AFT Resolution

SOCIAL SECURITY AND THE DEFICIT

WHEREAS, the Bush administration is using funds generated by the Social Security payroll tax to finance the general operations of government; and

WHEREAS, the surplus generated by Social Security taxes was meant to pay for benefits in future years when the number of workers supporting each beneficiary will be greatly reduced; and

WHEREAS, use of Social Security funds to pay for the general operations of government such as weapons procurement, farm subsidies, interest on the national debt and other federal spending is a misuse of the payroll tax; and

WHEREAS, the Bush administration is spending Social Security taxes on programs completely unrelated to retirement security while at the same time demanding that Congress reduce the tax on income from capital gains; and

WHEREAS, the inclusion of Social Security receipts completely masks the true size of the federal deficit:

RESOLVED, that the AFT support the proposal of Sen.

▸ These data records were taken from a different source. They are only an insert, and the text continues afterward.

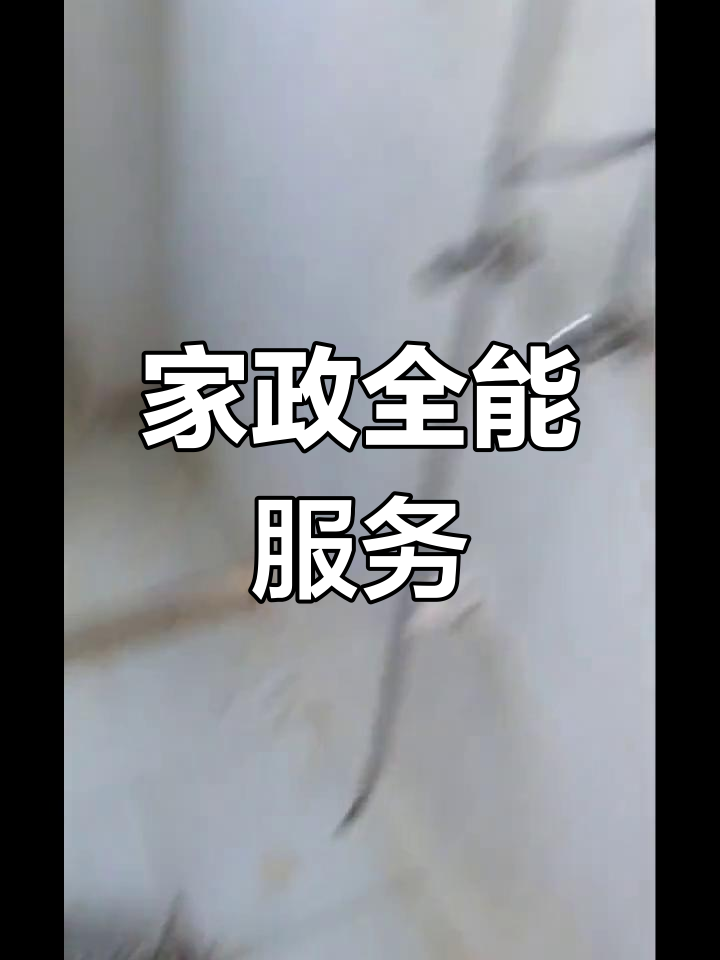 興國(guó)縣家政服務(wù) 覆蓋全城，上門維修清洗一站式解決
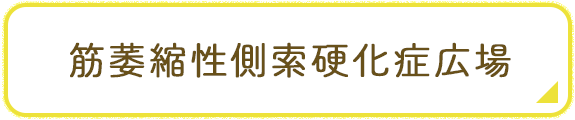 筋萎縮性側索硬化症（ALS）のバナーのイメージ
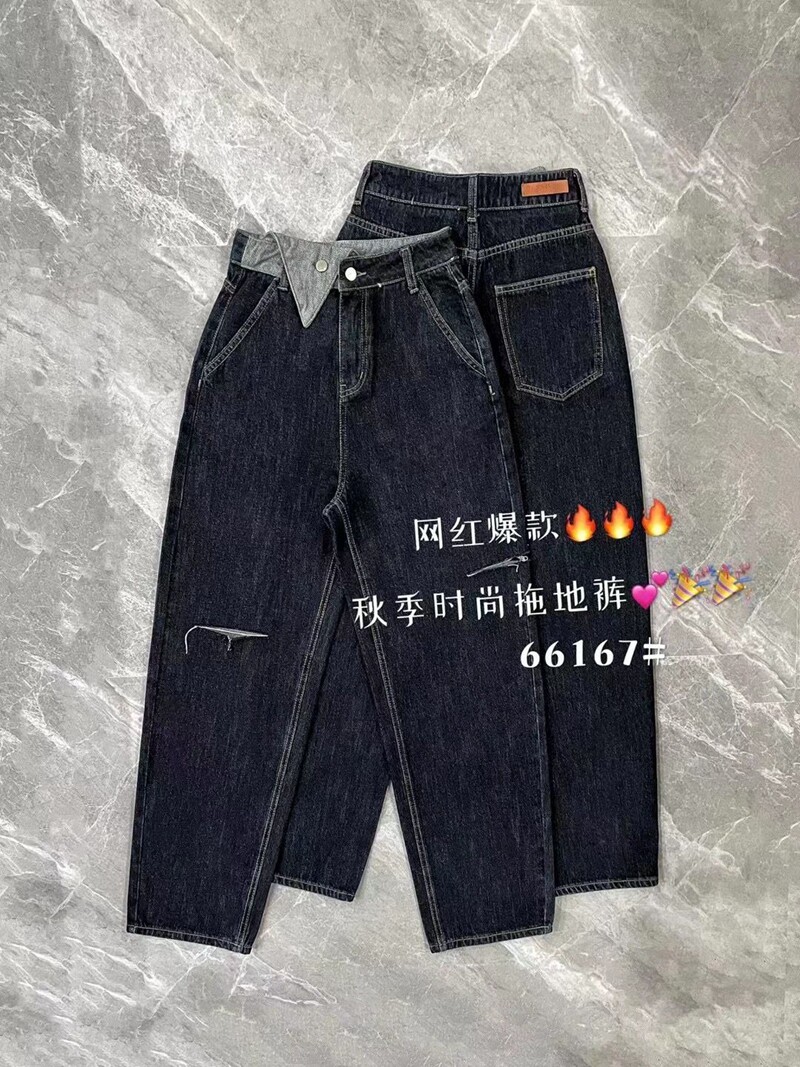2021秋款蓝色名流66167欧货深蓝色破洞显瘦直筒裤弹力女牛仔裤潮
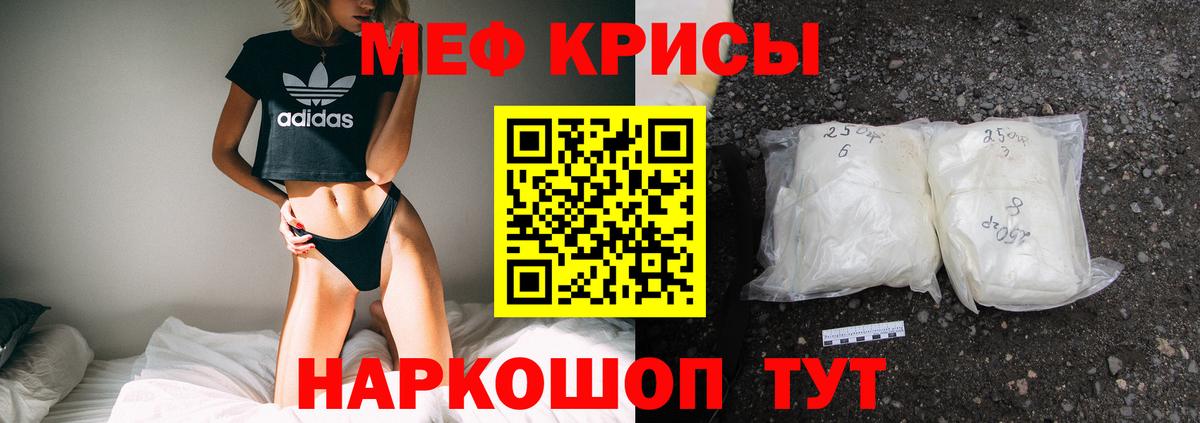 Мефедрон кристаллы Сокол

Daniel Patrick Moynihan to remove Social Security from the general federal budget and reduce Social Security payroll taxes so that the system is returned to a pay-as-you-go-basis; and

RESOLVED, that in order to prevent the resulting increase in the true federal deficit from triggering the automatic budget-cutting provisions of the Gramm-Rudman Act from slashing even more money from vital social programs, that the targets in that Act be recalculated to reflect the true state of the federal budget; and

RESOLVED, that Social Security be protected from this kind of misuse in the future by removing it from the budget and allowing the trust funds to accumulate a one-year surplus prior to reduction of the existing payroll tax.